_Task objective:_ For the word "York", state how many lines below contain it. Give no other text.

BEGIN Information

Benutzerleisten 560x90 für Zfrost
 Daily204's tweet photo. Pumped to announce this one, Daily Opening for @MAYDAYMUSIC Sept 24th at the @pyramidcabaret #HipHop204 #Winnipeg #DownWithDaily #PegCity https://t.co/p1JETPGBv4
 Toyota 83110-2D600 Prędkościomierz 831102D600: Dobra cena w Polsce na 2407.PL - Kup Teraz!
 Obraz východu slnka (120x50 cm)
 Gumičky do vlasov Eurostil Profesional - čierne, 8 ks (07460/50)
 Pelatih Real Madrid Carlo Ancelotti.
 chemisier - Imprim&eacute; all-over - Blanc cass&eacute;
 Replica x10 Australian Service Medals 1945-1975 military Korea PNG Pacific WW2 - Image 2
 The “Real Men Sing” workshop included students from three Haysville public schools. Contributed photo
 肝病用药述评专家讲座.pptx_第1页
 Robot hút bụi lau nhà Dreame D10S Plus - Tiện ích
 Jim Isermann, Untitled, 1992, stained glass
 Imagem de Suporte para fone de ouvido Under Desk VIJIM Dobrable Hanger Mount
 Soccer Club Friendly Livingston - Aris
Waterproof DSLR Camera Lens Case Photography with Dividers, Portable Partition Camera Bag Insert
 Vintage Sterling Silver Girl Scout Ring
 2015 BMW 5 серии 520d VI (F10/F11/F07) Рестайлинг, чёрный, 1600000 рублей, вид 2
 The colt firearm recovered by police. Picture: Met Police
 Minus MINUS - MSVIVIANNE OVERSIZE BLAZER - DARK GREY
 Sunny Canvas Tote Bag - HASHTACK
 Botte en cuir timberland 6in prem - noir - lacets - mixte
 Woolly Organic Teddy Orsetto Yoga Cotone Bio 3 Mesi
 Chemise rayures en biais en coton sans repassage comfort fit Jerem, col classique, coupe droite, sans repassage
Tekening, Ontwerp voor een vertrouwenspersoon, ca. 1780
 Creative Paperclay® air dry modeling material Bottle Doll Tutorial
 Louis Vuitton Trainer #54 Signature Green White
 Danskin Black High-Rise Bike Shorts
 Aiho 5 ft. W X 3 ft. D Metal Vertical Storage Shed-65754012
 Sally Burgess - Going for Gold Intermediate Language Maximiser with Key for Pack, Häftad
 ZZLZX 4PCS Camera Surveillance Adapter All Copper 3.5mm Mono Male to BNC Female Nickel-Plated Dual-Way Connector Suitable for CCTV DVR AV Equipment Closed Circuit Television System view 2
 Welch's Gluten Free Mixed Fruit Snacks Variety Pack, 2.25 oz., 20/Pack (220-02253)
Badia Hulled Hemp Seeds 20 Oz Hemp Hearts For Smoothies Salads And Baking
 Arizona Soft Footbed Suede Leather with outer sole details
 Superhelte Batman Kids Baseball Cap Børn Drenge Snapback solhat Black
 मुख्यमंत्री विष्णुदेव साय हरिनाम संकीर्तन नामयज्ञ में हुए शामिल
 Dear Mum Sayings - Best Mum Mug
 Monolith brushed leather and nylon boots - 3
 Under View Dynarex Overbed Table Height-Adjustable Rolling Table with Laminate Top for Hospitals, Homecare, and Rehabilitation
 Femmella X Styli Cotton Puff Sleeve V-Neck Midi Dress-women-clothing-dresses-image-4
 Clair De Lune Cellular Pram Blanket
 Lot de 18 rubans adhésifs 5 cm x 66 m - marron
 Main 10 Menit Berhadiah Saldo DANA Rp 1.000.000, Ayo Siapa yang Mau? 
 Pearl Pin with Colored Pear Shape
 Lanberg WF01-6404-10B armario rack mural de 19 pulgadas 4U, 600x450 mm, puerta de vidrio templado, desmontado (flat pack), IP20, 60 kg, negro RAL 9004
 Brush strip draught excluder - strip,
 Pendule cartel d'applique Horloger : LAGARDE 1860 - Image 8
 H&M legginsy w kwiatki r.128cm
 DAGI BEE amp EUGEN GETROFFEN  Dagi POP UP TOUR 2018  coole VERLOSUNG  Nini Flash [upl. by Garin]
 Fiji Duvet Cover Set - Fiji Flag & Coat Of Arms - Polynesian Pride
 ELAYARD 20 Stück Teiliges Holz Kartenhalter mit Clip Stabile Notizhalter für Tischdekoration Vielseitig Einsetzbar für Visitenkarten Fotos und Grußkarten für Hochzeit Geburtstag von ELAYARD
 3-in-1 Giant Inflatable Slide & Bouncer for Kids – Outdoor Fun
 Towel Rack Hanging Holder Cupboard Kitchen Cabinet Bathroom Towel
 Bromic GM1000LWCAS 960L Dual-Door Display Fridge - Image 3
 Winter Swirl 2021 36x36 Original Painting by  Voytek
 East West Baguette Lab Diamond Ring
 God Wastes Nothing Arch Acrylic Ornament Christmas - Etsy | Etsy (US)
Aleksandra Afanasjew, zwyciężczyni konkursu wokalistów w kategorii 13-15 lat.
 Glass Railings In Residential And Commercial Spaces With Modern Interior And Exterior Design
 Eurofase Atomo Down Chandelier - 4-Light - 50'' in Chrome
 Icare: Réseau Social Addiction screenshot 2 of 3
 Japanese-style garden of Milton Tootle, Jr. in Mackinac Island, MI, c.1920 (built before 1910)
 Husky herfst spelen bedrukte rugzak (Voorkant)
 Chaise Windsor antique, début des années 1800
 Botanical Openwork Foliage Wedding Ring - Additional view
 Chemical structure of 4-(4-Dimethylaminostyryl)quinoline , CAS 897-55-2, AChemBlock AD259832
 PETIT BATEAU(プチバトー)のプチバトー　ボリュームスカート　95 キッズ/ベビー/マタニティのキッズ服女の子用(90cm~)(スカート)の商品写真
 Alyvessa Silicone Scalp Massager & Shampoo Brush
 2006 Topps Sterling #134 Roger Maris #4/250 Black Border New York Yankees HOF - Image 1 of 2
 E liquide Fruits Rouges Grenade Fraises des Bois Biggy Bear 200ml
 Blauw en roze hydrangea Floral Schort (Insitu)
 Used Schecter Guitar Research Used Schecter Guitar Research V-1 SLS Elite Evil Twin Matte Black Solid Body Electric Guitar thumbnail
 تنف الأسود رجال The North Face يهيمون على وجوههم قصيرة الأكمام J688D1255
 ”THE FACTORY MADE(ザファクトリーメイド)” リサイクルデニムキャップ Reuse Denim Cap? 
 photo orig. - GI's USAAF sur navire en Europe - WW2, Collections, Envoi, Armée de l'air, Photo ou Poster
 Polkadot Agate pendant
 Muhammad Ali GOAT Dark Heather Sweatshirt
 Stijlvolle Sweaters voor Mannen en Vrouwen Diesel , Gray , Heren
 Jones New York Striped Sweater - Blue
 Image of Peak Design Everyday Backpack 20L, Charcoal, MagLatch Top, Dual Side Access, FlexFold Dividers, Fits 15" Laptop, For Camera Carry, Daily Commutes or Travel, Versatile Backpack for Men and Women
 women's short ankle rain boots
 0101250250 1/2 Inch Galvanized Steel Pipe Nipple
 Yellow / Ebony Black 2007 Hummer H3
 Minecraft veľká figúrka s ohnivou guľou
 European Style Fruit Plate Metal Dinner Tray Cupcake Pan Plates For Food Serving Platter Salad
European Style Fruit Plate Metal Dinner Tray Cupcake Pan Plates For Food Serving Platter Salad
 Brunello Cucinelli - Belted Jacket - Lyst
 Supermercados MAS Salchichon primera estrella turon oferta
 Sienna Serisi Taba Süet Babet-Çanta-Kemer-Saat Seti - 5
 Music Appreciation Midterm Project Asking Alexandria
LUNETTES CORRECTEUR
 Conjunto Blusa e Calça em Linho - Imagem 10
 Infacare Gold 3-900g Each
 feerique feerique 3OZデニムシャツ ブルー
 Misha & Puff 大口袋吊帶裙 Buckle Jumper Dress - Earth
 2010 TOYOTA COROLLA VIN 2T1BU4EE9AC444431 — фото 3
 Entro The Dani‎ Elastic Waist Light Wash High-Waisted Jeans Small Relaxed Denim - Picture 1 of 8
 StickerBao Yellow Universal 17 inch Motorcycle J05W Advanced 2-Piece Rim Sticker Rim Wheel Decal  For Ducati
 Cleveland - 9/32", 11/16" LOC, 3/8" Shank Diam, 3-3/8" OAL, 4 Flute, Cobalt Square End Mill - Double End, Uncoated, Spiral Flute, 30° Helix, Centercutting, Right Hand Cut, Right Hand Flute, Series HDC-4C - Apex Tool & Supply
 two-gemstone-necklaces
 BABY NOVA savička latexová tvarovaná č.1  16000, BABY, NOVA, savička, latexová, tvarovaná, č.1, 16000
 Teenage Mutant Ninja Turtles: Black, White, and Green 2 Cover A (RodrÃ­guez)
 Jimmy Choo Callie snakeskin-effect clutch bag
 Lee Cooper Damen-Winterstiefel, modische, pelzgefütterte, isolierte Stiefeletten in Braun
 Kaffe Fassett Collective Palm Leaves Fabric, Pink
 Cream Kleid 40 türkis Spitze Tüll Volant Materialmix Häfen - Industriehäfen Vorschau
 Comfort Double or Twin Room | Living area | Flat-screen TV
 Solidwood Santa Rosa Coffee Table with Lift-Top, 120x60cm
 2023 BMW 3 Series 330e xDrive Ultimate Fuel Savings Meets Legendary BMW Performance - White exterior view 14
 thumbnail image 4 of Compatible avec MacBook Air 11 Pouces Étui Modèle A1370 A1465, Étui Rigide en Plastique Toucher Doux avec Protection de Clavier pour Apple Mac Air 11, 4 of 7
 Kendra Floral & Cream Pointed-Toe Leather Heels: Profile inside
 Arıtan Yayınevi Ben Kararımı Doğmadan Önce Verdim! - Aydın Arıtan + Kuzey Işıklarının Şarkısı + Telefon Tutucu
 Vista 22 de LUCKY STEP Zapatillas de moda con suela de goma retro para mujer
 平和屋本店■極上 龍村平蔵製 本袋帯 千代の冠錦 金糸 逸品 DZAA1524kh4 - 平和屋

END Information

_Answer for this exercise:_ 2